“A senhora não tem família? Eu também tenho”, terá dito Valter Filipe durante uma conversa telefónica com a funcionária, agora registada dos autos da acusação no processo que envolve o ex-governador do BNA naquele que é já conhecido como ‘Caso 500 Milhões’. Ana Maria Marcolino, que trabalhava no banco central há 34 anos, referiu ter-se sentido pressionada em termos inapropriados. “Percebi que estava a ser pressionada.
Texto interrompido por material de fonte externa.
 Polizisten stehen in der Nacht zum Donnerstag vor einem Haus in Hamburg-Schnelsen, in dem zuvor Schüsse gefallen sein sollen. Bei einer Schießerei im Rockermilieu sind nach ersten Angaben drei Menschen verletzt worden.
Fiquei triste”, reforçou.
A sub-directora da Direcção de Operações Bancárias foi confrontada pelo responsável máximo do BNA que lhe ligou a solicitar o comprovativo da transferência de 500 milhões de dólares de uma conta do banco central, no Standard Chattered, para a da empresa Perfectbit, no banco HSBC de Londres. No entanto, a funcionária de conta que a operação não estava em sistema. “Não estava, não havia registo. Filtrei várias vezes. Liguei à Área de Controlo para saber de alguma coisa e esta área fez uma filtragem no sistema ‘swift’ (sistema de comunicação para a liquidação das operações) directo e constatou que a operação não passou por um processo normal”, referiu, citada pelo Jornal de Angola. Ana Maria Marcolino acrescentou ainda que deduziu que “o beneficiário não era fidedigno, por isso é que a operação correu mal”.
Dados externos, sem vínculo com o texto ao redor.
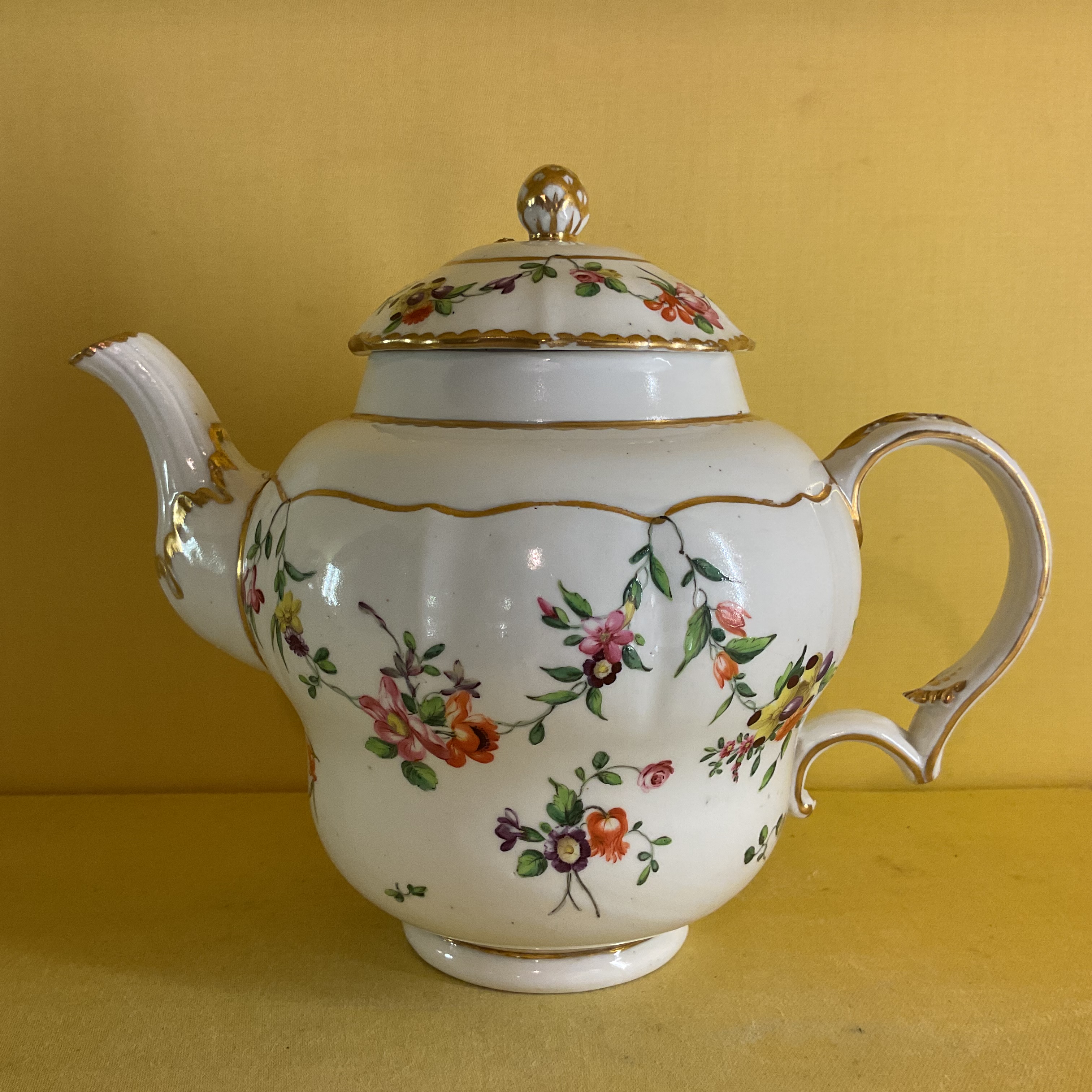 A Bristol ogee shapes teapot and cover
A funcionária explicou que a entidade - Mais Finance, representada por Jorge Gaudens Pontes - não tinha registo criado no BNA. No entanto, e por se tratar de uma “operação de extrema urgência”, o pagamento seria feito “por via de uma operação directa”, referiu.
Ouvida na sessão de Quinta-feira do julgamento do ‘Caso 500 Milhões’, Ana Maria Marcolino afirmou ainda que se o HSBC, que detetou a fraude e alertou as autoridades nacionais - não não tivesse recorrido ao ‘compliance’ internacional a operação teria decorrido com normalidade. A declarante afirmou pensar que a transferência seria uma “operação de rentabilização de recursos” e, tendo em conta a urgência, avançou com o processo, pensando que fosse uma rentabilização.
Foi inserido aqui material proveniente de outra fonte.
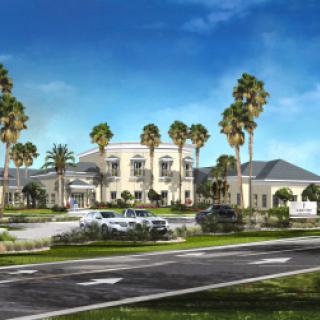 A beautifully designed residential building surrounded by lush landscaping and palm trees.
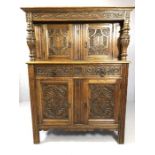 Court cupboard with two drawers and four cupboards in heavily carved American oak by furniture maker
O julgamento prossegue na frase de produção de provas, sendo ouvidos nos próximos dias mais nove declarantes. Segue-se o testemunho de António Domingos Tiago Dias, à data dos factos vice-governador do BNA.
O ‘Caso 500 Milhões’ tem como base uma transferência ilegal deste mesmo montante do BNA para a conta de uma empresa em Londres (Perfectbit). Esta transferência seria uma garantia, paga a uma empresa criada pelos réus, a fim de iniciar uma operação de financiamento para Angola no valor de 30 mil milhões de dólares. O plano assentava na constituição de um fundo de investimento estratégico para financiar projectos estruturantes no país.